━━ Supplied records

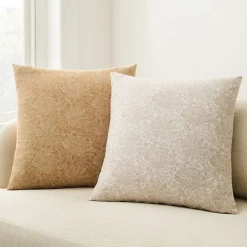 Dotted Floral Pillow Cover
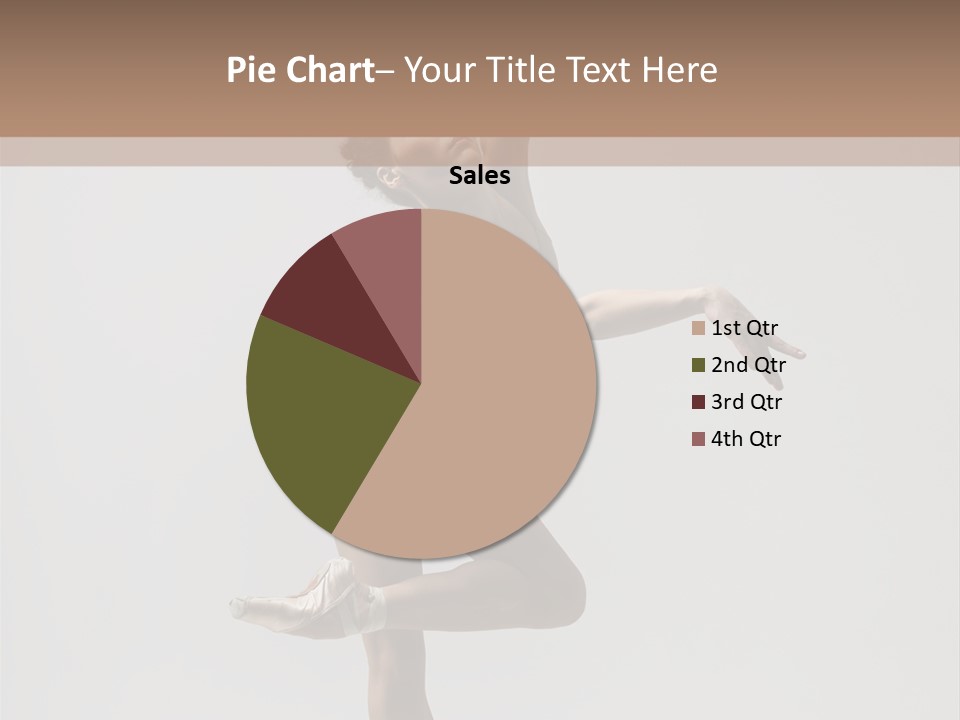 Dance Jump Girl PowerPoint Template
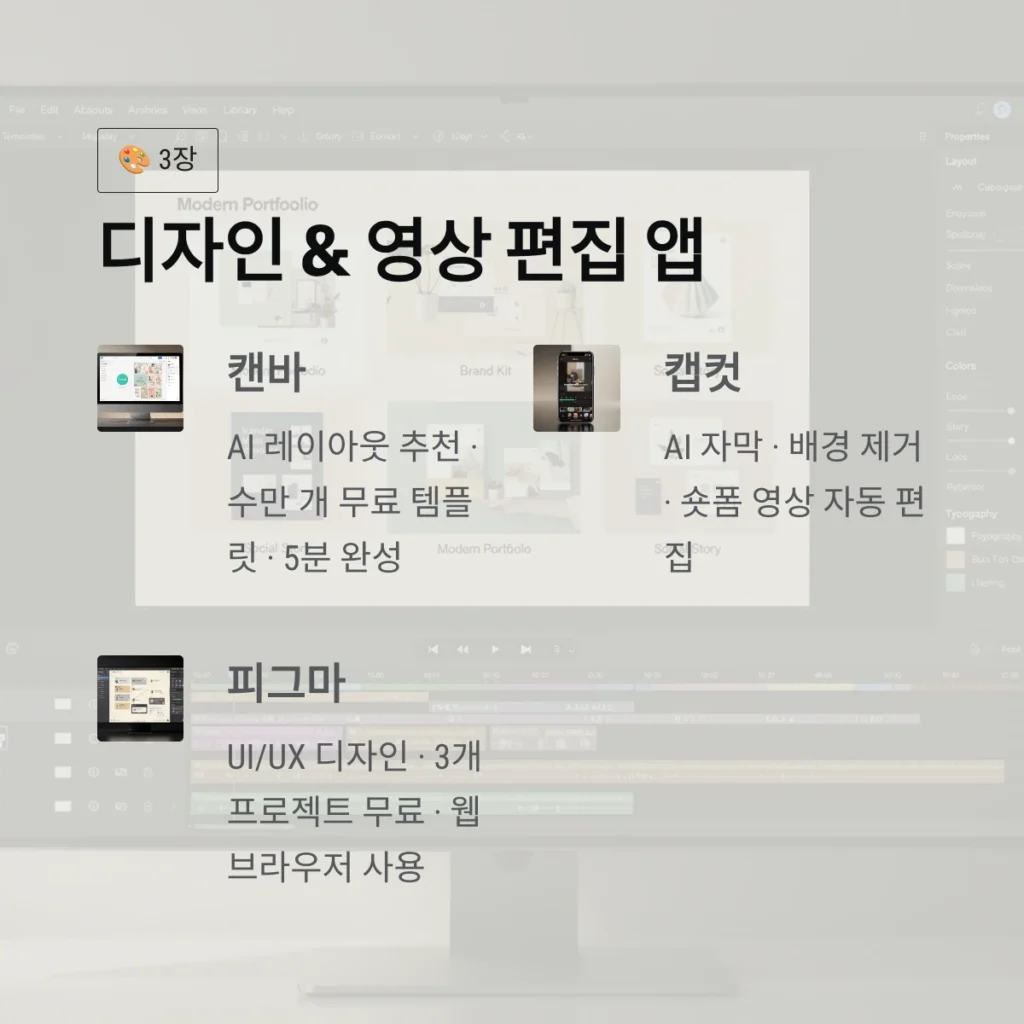 디자인 & 영상 편집 앱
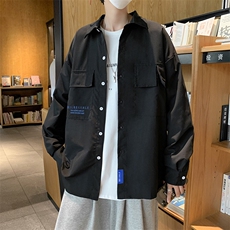 2021日系ins衬衫薄款设计感小众痞帅工装纯休闲衬衣W1496-P35，男装衬衫，星座512-4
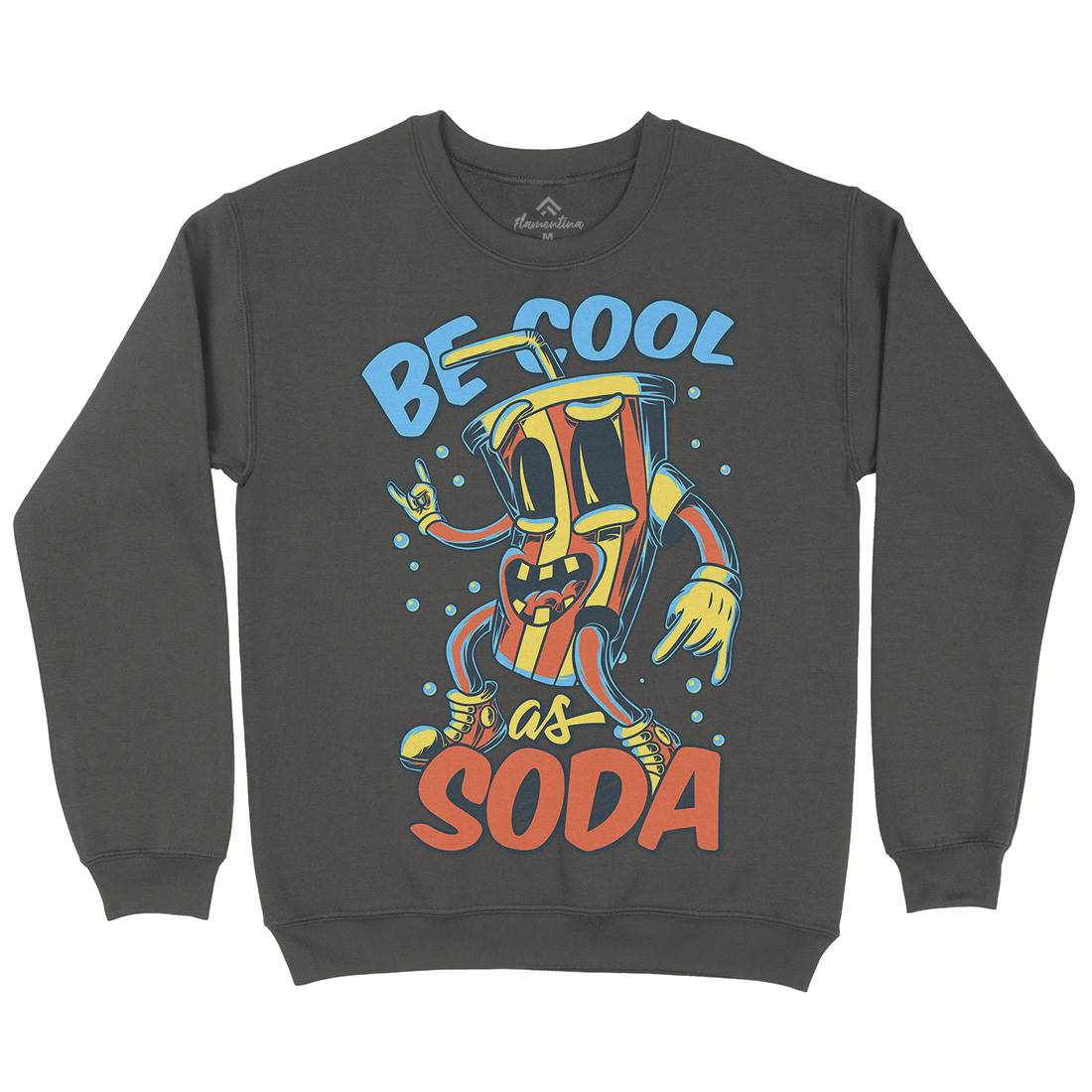 Soda Kids Crew Neck Sweatshirt Drinks C824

━━━━

- Work order
Give the entries again exactly, but skip every image.

- Result of this task
 Dotted Floral Pillow Cover
 Dance Jump Girl PowerPoint Template
 디자인 & 영상 편집 앱
 2021日系ins衬衫薄款设计感小众痞帅工装纯休闲衬衣W1496-P35，男装衬衫，星座512-4
 Soda Kids Crew Neck Sweatshirt Drinks C824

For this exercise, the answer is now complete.